=== Begin Enclosure ===
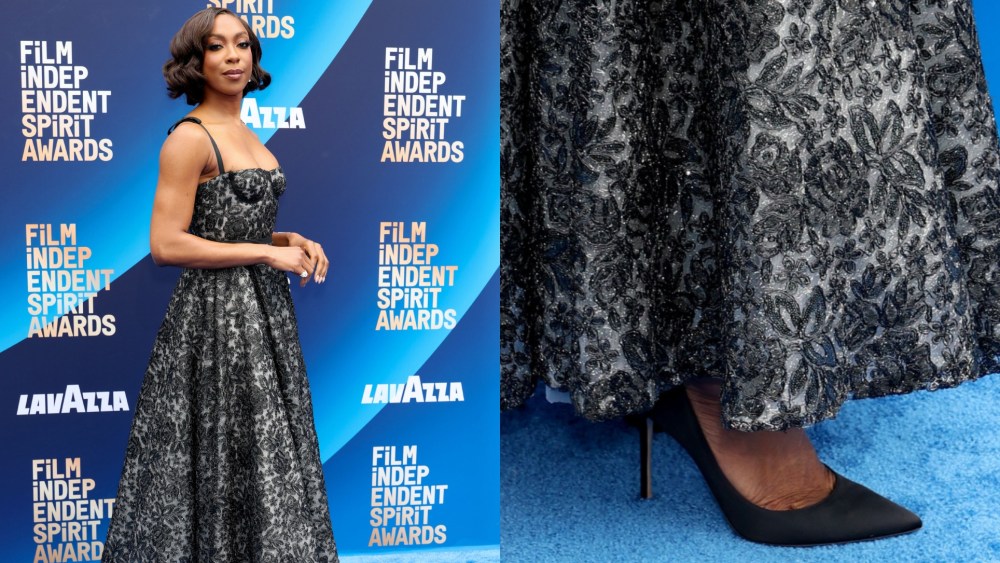 Styled by Micaela Erlanger, Ego Nwodim wore Gianvito Rossi pumps with a Giambattista Valli gown for the red carpet of the 2026 Film Independent Spirit Awards at Hollywood Palladium on Feb. 15, 2026 in Los Angeles.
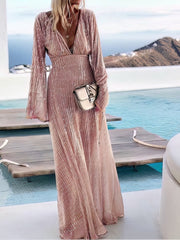 V-Neck Sequined Long Sleeve Dress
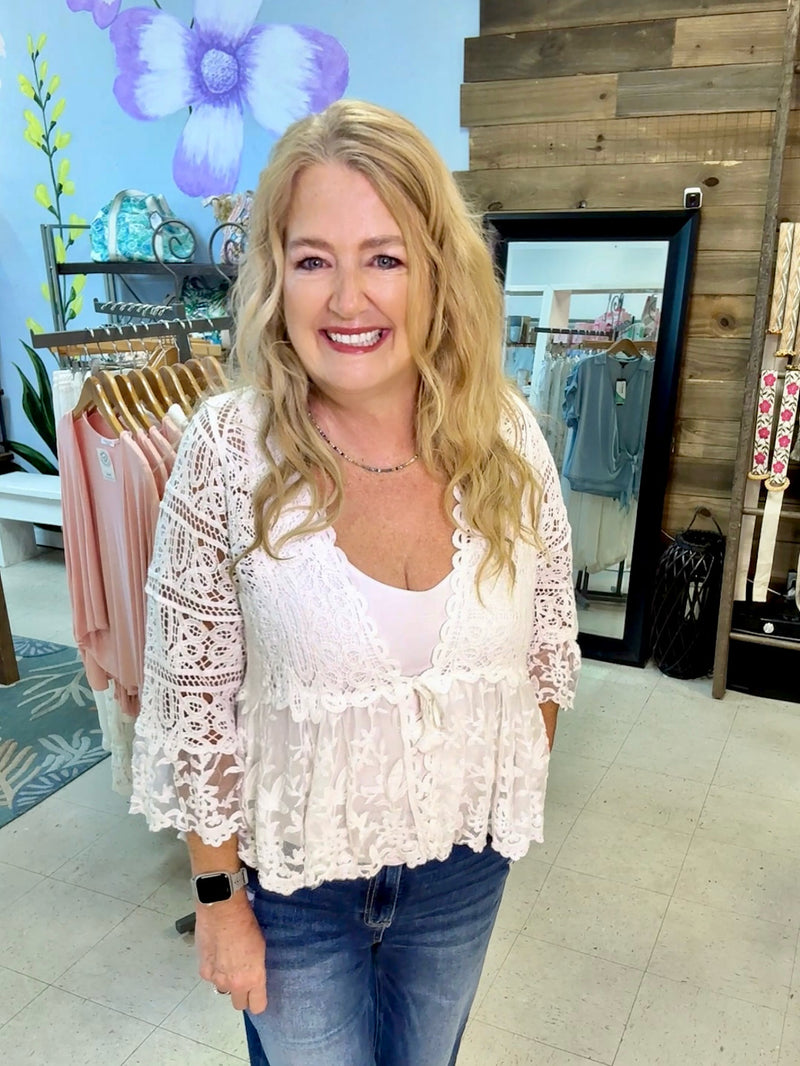 Sweet Magnolia Lace Cardigan Top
=== End Enclosure ===
Exactly as written, restate the listing above with its pictures omitted.

 Styled by Micaela Erlanger, Ego Nwodim wore Gianvito Rossi pumps with a Giambattista Valli gown for the red carpet of the 2026 Film Independent Spirit Awards at Hollywood Palladium on Feb. 15, 2026 in Los Angeles.
 V-Neck Sequined Long Sleeve Dress
 Sweet Magnolia Lace Cardigan Top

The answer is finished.